Ensure long query sequence ids wrap in the sidebar instead of shooting past the sidebar boundary (#571). Credit @MatthAlex
The links to download FASTA and pairwise alignment of all hits are now disabled if the BLAST search results in no hits (#552).
We have introduced a new num_jobs setting. This is the number of concurrent BLAST searches that SequenceServer will run - the default value is 1. This is distinct from num_threads, which is passed to BLAST, and is the number of threads that each BLAST job will use.
Made sure that SequenceServer will write default values of new configuration options to the configuration file for new users. Existing users can update their configuration file to see all possible configuration values by running sequenceserver -s
The whichdb function, that can be used in link generators to determine which database a hit came from, was returning CommandFailed error in some cases. Fixed it (credit: @jveera888, #529).
If you like to customise SequenceServer and use our docker image, there is now an option to build JS and CSS assets as part of the docker build step: just add --target=minify to your docker build command. Note that this requires BuildKit to be enabled (credit: Nathan Weeks)
Huge shout-out to @Iain-S for fixing several code style issues (JS and CSS), and revising our code linting framework (#531, #532).
Shellfishgene, MatthAlex, and 2 other contributors
Automatically check for incompatible databases on startup and prompt users to reformat them.

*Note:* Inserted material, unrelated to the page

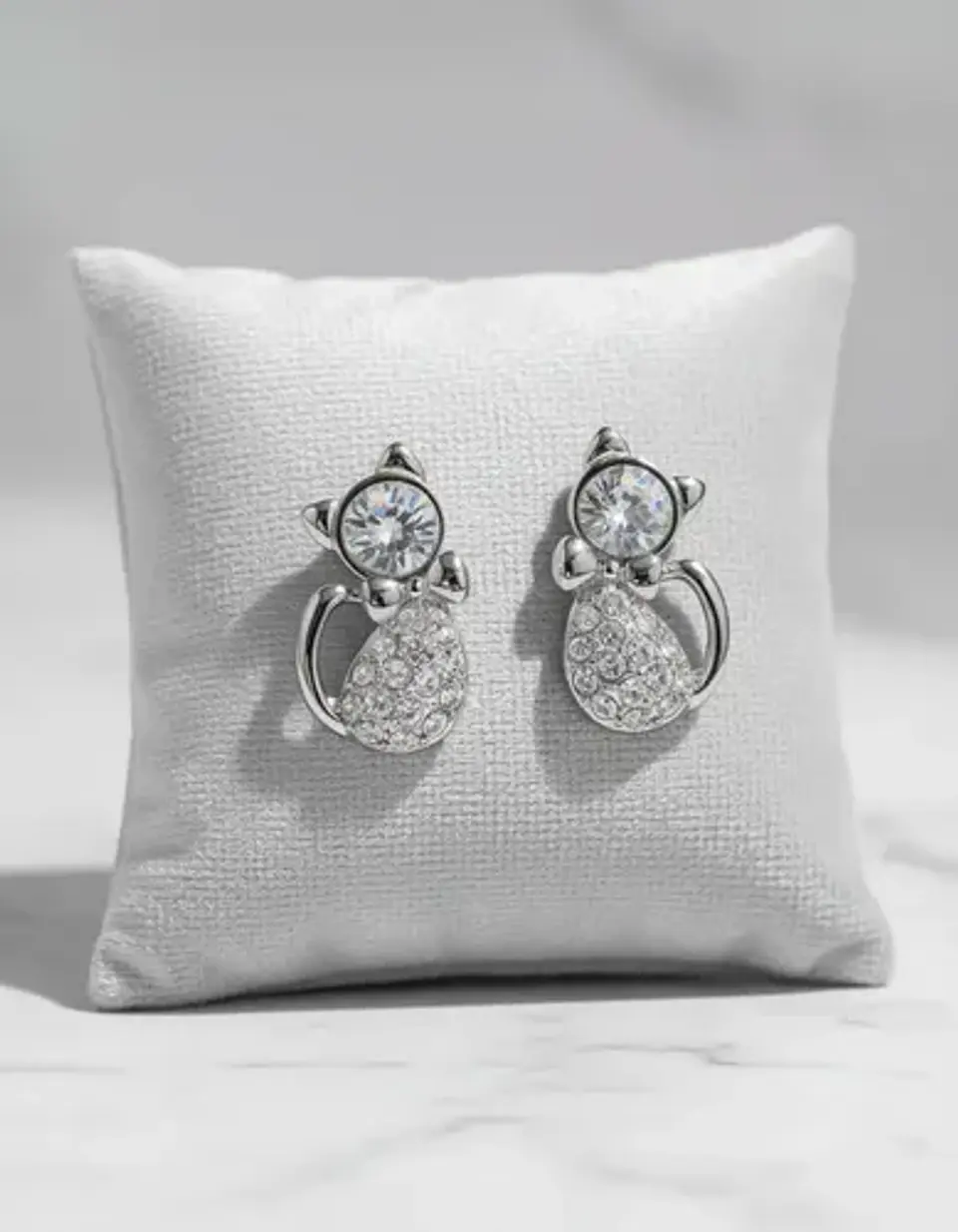 Aros Gato Cristal Mujer Niña + Bolsa Regalo Joyas 12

Reformatting databases now preserves taxonomy information embedded in the database (if any).
Add ability to use -taxids_map of makeblastdb during database creation. To use it place a '.taxids_map.txt' file next to the FASTA file.

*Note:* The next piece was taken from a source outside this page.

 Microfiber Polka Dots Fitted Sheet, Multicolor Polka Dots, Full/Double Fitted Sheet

Add 'Edit search' and 'New search' links to the report page (thanks to Tomas-Pluskal & TomMD for the push).
Add option to open BLAST results in a new tab.

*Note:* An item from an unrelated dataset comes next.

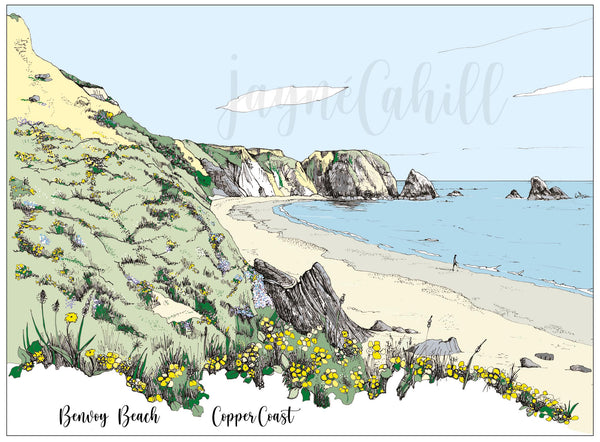 Limited edition signed print of original pen & ink drawing of the stunning Benvoy Beach on the Copper Coast, Co. Waterford, by artist Jayné Cahill.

Search form can now be cleared by reloading the page. Relevant if you used browser's back button or 'Edit search' link and wanted to clear the form to start over.
Make it easier to pass command line arguments to Docker image. For example, number of BLAST threads can now be set as docker run ... wurmlab/sequenceserver sequenceserver -n 4 instead of docker run ... wurmlab/sequenceserver bundle exec bin/sequenceserver -d /db -n4 (yeah!)
Switch to using sequence id instead of accession for sequence retrieval. This fixes FASTA download for gnl|Morex|chr type sequence ids when using version 5 database (#475). Thanks to Eric Y for reporting the issue.
Ensure SequenceServer does not crash if it could not determine host IP, which can be the case if it is being run offline (#482). Thanks to Vladimir for reporting the issue.
Ensure error modal does not remove the rest of the content from the page.
JSON endpoints responded with content-type 'plain/text'. Change that to 'application/json'. Thanks to Richard Adams for reporting the issue.
Include hit title (the stuff after sequence id) in the summary table of hits per query. Of course, titles can be really long, so the text is truncated with ... when it overflows the table cell. The entire title is displayed in a tooltip. Feature requested by Niek Art.
Running sequenceserver -m will now automatically detect older V4 databases, and those created without the -parse_seqids option of makeblastdb, and offer to rebuild them. This works even if you deleted the original FASTA files. Database titles are preserved when rebuilding, however, taxonomy information in the database is unfortunately not preserved.
BLASTing a mix of older V4 and newer V5 databases causes error. SequenceServer now catches and informs the user of this error. Thanks to Massimiliano babbucci for reporting this issue.
The list of databases in the search form should be alphabetically sorted. This behaviour was lost in the rewrite leading to version 2.0 and has now been fixed. Thanks to Loraine Guéguen for reporting the issue.
Improve regular expression used to detect multi-part databases, so that databases that aren't multi-part are recognised and displayed in the interface (#465). Issue reported and fixed by Loraine Brillet-Guéguen.